What materials are you cleaning there? Looks like a combination of plastic and fabric?

Surely painstaking work doing that overhead, but your results are brilliant. Well done.


----------



## quik5i1ver (Oct 14, 2009)

That is revolting! - what a turn around!


----------



## MadOnVaux! (Jun 2, 2008)

Thats an amzing difference.....just goes to show what smokers lungs get to look like, and they cant be cleaned!!

Ive done a few smokers cars in the past, really dreadul to do, one i had to clean the glass about 6 times and still it wasnt 100%, terrible!


----------



## ziutek (Jul 29, 2009)

mattjonescardiff said:


> What materials are you cleaning there? Looks like a combination of plastic and fabric?

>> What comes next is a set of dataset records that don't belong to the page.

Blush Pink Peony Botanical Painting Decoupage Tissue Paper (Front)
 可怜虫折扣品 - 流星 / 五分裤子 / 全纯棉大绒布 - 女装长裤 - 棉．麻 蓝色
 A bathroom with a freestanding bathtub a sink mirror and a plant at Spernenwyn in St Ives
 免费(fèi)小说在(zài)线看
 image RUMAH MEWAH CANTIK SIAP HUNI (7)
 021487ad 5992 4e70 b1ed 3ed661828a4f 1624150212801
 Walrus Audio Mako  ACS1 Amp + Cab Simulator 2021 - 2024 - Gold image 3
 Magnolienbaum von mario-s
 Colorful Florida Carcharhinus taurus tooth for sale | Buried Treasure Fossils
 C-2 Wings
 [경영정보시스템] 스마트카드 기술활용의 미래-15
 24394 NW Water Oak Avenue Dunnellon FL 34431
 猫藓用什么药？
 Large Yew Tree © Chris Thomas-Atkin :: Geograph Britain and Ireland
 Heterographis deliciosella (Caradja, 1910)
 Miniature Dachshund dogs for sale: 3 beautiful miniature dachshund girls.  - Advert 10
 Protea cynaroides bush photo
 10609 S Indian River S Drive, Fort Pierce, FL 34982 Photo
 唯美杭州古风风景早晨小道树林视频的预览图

Car has proceeded thorough renovation, but I did not make taken off from lack of time more, everything from polishing, for exact cleaning interior. Car it station wagon skoda felicia.

Apologize for errors slightly know english


----------



## Emek (Jun 17, 2009)

Ziutek ostry syf był, jak mozna tak zapuścić... wygląda jak by auto było po powodzi  pozdr.


----------



## mk2jon (Mar 10, 2009)

all i can say is WOW,and of course well done


----------



## supercharged (Feb 1, 2008)

Now that's dirty! Imagine what smokers do to the environment. I said it before and will say it again - smoker's should pay global warming tax! Yes, just double the price on cigarettes...That's should help fill the budget...remember, NOBODY has a gun to their head and tells them to smoke, it is their own will...


----------



## big shamone (Oct 9, 2009)

What a difference,good job


----------



## Jim W (Feb 3, 2007)

Whoa! That's very impressive.

"vacuum cleaner laundering" a wet and dry vac? 

Need to know more :thumb:


----------



## ziutek (Jul 29, 2009)

Jim W said:


> "vacuum cleaner laundering" a wet and dry vac?


For dusting water popular laundering Kärcher, walked it about it it?


----------